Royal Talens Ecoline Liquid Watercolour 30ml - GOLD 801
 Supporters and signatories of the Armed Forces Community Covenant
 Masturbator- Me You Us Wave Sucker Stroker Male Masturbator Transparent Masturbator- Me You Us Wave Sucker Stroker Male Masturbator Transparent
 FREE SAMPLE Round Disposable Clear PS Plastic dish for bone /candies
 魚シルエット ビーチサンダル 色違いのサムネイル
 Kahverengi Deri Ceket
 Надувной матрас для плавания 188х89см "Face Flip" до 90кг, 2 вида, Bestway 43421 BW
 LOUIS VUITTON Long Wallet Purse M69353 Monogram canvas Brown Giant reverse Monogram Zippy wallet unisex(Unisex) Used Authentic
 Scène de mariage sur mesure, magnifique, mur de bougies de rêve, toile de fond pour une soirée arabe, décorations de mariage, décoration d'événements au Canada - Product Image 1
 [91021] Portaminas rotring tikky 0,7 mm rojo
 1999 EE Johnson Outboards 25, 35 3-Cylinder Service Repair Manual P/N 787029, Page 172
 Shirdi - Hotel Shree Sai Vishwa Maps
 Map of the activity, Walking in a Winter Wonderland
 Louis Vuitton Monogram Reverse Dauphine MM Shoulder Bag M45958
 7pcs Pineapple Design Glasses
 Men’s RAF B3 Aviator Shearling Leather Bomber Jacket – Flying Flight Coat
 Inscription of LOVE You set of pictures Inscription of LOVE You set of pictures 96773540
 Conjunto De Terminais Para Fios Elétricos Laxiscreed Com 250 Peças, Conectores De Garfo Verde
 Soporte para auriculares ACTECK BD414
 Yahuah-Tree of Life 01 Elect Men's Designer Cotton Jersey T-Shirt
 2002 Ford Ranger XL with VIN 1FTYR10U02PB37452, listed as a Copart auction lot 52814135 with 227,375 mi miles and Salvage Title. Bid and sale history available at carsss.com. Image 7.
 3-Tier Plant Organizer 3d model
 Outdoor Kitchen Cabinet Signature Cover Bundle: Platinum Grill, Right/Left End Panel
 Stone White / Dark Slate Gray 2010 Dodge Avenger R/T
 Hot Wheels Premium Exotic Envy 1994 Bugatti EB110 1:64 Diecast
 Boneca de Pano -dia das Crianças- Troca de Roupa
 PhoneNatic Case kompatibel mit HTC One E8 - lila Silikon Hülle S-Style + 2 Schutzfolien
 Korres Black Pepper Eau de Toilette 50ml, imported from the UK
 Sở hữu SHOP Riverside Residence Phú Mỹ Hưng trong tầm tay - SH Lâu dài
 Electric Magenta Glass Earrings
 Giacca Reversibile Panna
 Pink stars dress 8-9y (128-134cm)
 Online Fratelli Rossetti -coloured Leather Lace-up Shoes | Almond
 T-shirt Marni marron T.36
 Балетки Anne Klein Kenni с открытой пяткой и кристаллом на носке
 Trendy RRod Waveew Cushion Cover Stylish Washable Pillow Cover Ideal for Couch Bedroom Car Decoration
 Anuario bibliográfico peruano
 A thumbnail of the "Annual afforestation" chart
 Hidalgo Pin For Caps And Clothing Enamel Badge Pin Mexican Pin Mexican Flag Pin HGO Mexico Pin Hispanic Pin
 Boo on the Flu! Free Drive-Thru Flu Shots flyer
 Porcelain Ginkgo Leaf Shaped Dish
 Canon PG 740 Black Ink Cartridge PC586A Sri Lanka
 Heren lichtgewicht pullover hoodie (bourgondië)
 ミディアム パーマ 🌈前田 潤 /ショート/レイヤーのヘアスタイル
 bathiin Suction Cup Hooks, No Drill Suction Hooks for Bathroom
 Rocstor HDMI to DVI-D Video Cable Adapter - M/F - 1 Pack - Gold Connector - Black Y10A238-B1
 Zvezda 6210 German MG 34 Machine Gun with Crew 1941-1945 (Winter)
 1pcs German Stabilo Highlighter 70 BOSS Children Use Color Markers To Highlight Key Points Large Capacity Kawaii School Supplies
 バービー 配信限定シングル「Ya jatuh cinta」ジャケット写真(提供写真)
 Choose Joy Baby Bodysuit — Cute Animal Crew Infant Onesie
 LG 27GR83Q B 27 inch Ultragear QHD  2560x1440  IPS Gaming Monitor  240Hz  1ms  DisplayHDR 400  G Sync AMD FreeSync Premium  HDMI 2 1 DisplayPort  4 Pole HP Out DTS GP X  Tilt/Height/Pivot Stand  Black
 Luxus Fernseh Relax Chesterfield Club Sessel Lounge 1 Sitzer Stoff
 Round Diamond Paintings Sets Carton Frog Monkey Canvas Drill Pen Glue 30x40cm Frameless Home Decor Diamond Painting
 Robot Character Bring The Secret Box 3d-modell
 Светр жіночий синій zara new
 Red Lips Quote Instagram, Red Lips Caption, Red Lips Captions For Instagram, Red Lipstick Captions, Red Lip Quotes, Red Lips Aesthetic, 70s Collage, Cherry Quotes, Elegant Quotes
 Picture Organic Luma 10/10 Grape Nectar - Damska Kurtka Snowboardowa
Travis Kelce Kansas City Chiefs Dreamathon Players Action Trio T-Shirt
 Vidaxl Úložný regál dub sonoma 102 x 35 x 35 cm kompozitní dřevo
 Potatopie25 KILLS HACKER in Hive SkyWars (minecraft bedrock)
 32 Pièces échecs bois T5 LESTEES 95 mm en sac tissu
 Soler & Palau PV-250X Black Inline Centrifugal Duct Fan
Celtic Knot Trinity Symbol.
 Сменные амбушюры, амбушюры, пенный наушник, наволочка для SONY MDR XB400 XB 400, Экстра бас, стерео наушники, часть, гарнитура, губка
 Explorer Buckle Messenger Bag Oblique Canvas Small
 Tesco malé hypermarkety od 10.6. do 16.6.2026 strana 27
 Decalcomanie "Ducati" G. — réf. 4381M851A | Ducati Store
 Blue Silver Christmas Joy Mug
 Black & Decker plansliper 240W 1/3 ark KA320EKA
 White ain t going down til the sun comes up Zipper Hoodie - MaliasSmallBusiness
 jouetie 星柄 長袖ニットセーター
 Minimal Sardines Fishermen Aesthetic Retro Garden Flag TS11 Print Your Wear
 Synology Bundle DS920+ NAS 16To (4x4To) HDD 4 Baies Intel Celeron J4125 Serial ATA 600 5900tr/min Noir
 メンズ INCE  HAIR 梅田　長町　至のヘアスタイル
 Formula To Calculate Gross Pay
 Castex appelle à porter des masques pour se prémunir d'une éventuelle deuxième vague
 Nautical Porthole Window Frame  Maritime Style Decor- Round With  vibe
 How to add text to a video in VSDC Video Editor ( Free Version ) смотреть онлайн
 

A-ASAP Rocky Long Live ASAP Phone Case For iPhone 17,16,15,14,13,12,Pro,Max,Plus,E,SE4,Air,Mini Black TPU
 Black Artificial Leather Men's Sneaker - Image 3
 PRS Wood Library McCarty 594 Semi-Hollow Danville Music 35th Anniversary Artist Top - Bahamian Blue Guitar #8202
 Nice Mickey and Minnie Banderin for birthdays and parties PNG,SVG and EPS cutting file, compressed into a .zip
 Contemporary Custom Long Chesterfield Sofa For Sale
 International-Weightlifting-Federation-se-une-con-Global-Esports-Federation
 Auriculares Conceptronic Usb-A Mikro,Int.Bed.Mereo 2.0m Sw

» WHAT YOU SHOULD DO: Every line above should be retyped exactly as given.

» COMPLETED TASK:
Royal Talens Ecoline Liquid Watercolour 30ml - GOLD 801
 Supporters and signatories of the Armed Forces Community Covenant
 Masturbator- Me You Us Wave Sucker Stroker Male Masturbator Transparent Masturbator- Me You Us Wave Sucker Stroker Male Masturbator Transparent
 FREE SAMPLE Round Disposable Clear PS Plastic dish for bone /candies
 魚シルエット ビーチサンダル 色違いのサムネイル
 Kahverengi Deri Ceket
 Надувной матрас для плавания 188х89см "Face Flip" до 90кг, 2 вида, Bestway 43421 BW
 LOUIS VUITTON Long Wallet Purse M69353 Monogram canvas Brown Giant reverse Monogram Zippy wallet unisex(Unisex) Used Authentic
 Scène de mariage sur mesure, magnifique, mur de bougies de rêve, toile de fond pour une soirée arabe, décorations de mariage, décoration d'événements au Canada - Product Image 1
 [91021] Portaminas rotring tikky 0,7 mm rojo
 1999 EE Johnson Outboards 25, 35 3-Cylinder Service Repair Manual P/N 787029, Page 172
 Shirdi - Hotel Shree Sai Vishwa Maps
 Map of the activity, Walking in a Winter Wonderland
 Louis Vuitton Monogram Reverse Dauphine MM Shoulder Bag M45958
 7pcs Pineapple Design Glasses
 Men’s RAF B3 Aviator Shearling Leather Bomber Jacket – Flying Flight Coat
 Inscription of LOVE You set of pictures Inscription of LOVE You set of pictures 96773540
 Conjunto De Terminais Para Fios Elétricos Laxiscreed Com 250 Peças, Conectores De Garfo Verde
 Soporte para auriculares ACTECK BD414
 Yahuah-Tree of Life 01 Elect Men's Designer Cotton Jersey T-Shirt
 2002 Ford Ranger XL with VIN 1FTYR10U02PB37452, listed as a Copart auction lot 52814135 with 227,375 mi miles and Salvage Title. Bid and sale history available at carsss.com. Image 7.
 3-Tier Plant Organizer 3d model
 Outdoor Kitchen Cabinet Signature Cover Bundle: Platinum Grill, Right/Left End Panel
 Stone White / Dark Slate Gray 2010 Dodge Avenger R/T
 Hot Wheels Premium Exotic Envy 1994 Bugatti EB110 1:64 Diecast
 Boneca de Pano -dia das Crianças- Troca de Roupa
 PhoneNatic Case kompatibel mit HTC One E8 - lila Silikon Hülle S-Style + 2 Schutzfolien
 Korres Black Pepper Eau de Toilette 50ml, imported from the UK
 Sở hữu SHOP Riverside Residence Phú Mỹ Hưng trong tầm tay - SH Lâu dài
 Electric Magenta Glass Earrings
 Giacca Reversibile Panna
 Pink stars dress 8-9y (128-134cm)
 Online Fratelli Rossetti -coloured Leather Lace-up Shoes | Almond
 T-shirt Marni marron T.36
 Балетки Anne Klein Kenni с открытой пяткой и кристаллом на носке
 Trendy RRod Waveew Cushion Cover Stylish Washable Pillow Cover Ideal for Couch Bedroom Car Decoration
 Anuario bibliográfico peruano
 A thumbnail of the "Annual afforestation" chart
 Hidalgo Pin For Caps And Clothing Enamel Badge Pin Mexican Pin Mexican Flag Pin HGO Mexico Pin Hispanic Pin
 Boo on the Flu! Free Drive-Thru Flu Shots flyer
 Porcelain Ginkgo Leaf Shaped Dish
 Canon PG 740 Black Ink Cartridge PC586A Sri Lanka
 Heren lichtgewicht pullover hoodie (bourgondië)
 ミディアム パーマ 🌈前田 潤 /ショート/レイヤーのヘアスタイル
 bathiin Suction Cup Hooks, No Drill Suction Hooks for Bathroom
 Rocstor HDMI to DVI-D Video Cable Adapter - M/F - 1 Pack - Gold Connector - Black Y10A238-B1
 Zvezda 6210 German MG 34 Machine Gun with Crew 1941-1945 (Winter)
 1pcs German Stabilo Highlighter 70 BOSS Children Use Color Markers To Highlight Key Points Large Capacity Kawaii School Supplies
 バービー 配信限定シングル「Ya jatuh cinta」ジャケット写真(提供写真)
 Choose Joy Baby Bodysuit — Cute Animal Crew Infant Onesie
 LG 27GR83Q B 27 inch Ultragear QHD  2560x1440  IPS Gaming Monitor  240Hz  1ms  DisplayHDR 400  G Sync AMD FreeSync Premium  HDMI 2 1 DisplayPort  4 Pole HP Out DTS GP X  Tilt/Height/Pivot Stand  Black
 Luxus Fernseh Relax Chesterfield Club Sessel Lounge 1 Sitzer Stoff
 Round Diamond Paintings Sets Carton Frog Monkey Canvas Drill Pen Glue 30x40cm Frameless Home Decor Diamond Painting
 Robot Character Bring The Secret Box 3d-modell
 Светр жіночий синій zara new
 Red Lips Quote Instagram, Red Lips Caption, Red Lips Captions For Instagram, Red Lipstick Captions, Red Lip Quotes, Red Lips Aesthetic, 70s Collage, Cherry Quotes, Elegant Quotes
 Picture Organic Luma 10/10 Grape Nectar - Damska Kurtka Snowboardowa
Travis Kelce Kansas City Chiefs Dreamathon Players Action Trio T-Shirt
 Vidaxl Úložný regál dub sonoma 102 x 35 x 35 cm kompozitní dřevo
 Potatopie25 KILLS HACKER in Hive SkyWars (minecraft bedrock)
 32 Pièces échecs bois T5 LESTEES 95 mm en sac tissu
 Soler & Palau PV-250X Black Inline Centrifugal Duct Fan
Celtic Knot Trinity Symbol.
 Сменные амбушюры, амбушюры, пенный наушник, наволочка для SONY MDR XB400 XB 400, Экстра бас, стерео наушники, часть, гарнитура, губка
 Explorer Buckle Messenger Bag Oblique Canvas Small
 Tesco malé hypermarkety od 10.6. do 16.6.2026 strana 27
 Decalcomanie "Ducati" G. — réf. 4381M851A | Ducati Store
 Blue Silver Christmas Joy Mug
 Black & Decker plansliper 240W 1/3 ark KA320EKA
 White ain t going down til the sun comes up Zipper Hoodie - MaliasSmallBusiness
 jouetie 星柄 長袖ニットセーター
 Minimal Sardines Fishermen Aesthetic Retro Garden Flag TS11 Print Your Wear
 Synology Bundle DS920+ NAS 16To (4x4To) HDD 4 Baies Intel Celeron J4125 Serial ATA 600 5900tr/min Noir
 メンズ INCE  HAIR 梅田　長町　至のヘアスタイル
 Formula To Calculate Gross Pay
 Castex appelle à porter des masques pour se prémunir d'une éventuelle deuxième vague
 Nautical Porthole Window Frame  Maritime Style Decor- Round With  vibe
 How to add text to a video in VSDC Video Editor ( Free Version ) смотреть онлайн
 

A-ASAP Rocky Long Live ASAP Phone Case For iPhone 17,16,15,14,13,12,Pro,Max,Plus,E,SE4,Air,Mini Black TPU
 Black Artificial Leather Men's Sneaker - Image 3
 PRS Wood Library McCarty 594 Semi-Hollow Danville Music 35th Anniversary Artist Top - Bahamian Blue Guitar #8202
 Nice Mickey and Minnie Banderin for birthdays and parties PNG,SVG and EPS cutting file, compressed into a .zip
 Contemporary Custom Long Chesterfield Sofa For Sale
 International-Weightlifting-Federation-se-une-con-Global-Esports-Federation
 Auriculares Conceptronic Usb-A Mikro,Int.Bed.Mereo 2.0m Sw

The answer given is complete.